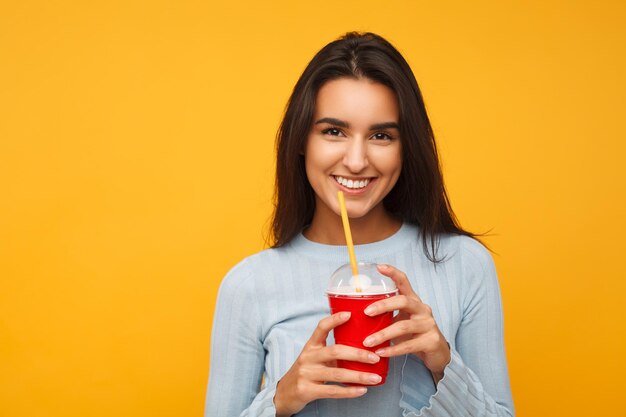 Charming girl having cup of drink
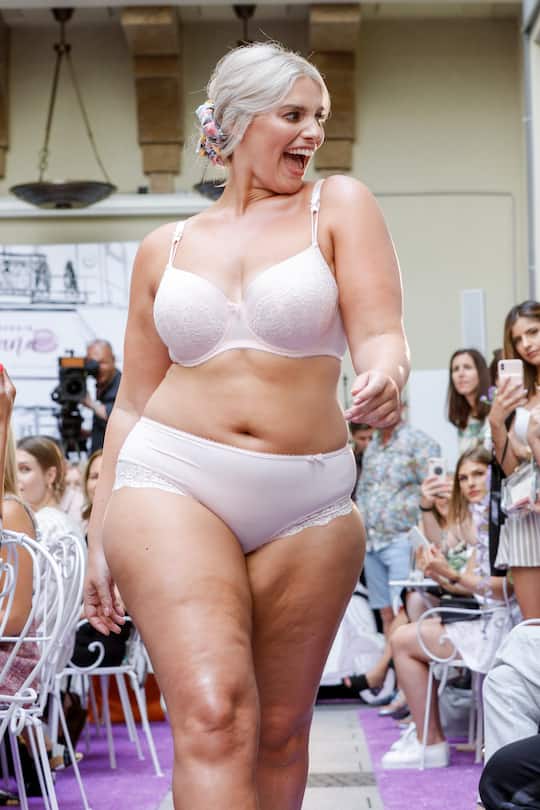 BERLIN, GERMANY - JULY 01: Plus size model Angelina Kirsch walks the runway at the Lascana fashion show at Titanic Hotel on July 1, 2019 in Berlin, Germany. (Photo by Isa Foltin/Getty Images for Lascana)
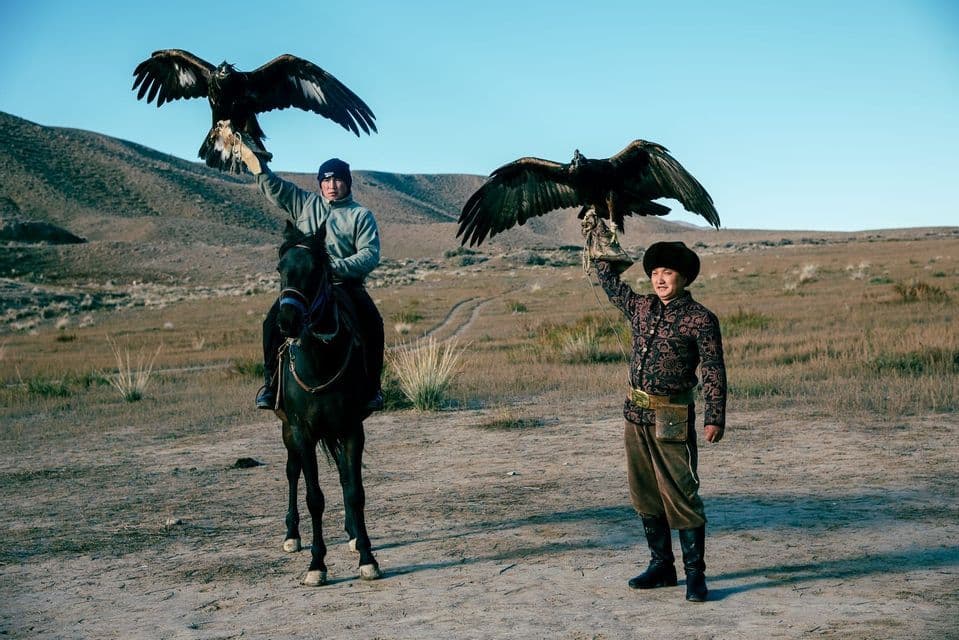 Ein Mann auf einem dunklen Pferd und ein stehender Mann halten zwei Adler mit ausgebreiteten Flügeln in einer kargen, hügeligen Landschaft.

_ _ _ _ _

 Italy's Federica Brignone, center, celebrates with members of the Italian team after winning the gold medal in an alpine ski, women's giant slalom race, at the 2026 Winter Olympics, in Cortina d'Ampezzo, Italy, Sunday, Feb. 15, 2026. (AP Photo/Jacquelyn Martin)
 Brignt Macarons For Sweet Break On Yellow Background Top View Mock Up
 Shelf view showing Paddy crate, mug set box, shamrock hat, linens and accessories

_ _ _ _ _

Problem requirements:
Taking the records above, retype every line from the one with "Brignt Macarons For" down to the one with "Shelf view showing", exactly and with nothing else.

Solution to the exercise:
 Brignt Macarons For Sweet Break On Yellow Background Top View Mock Up
 Shelf view showing Paddy crate, mug set box, shamrock hat, linens and accessories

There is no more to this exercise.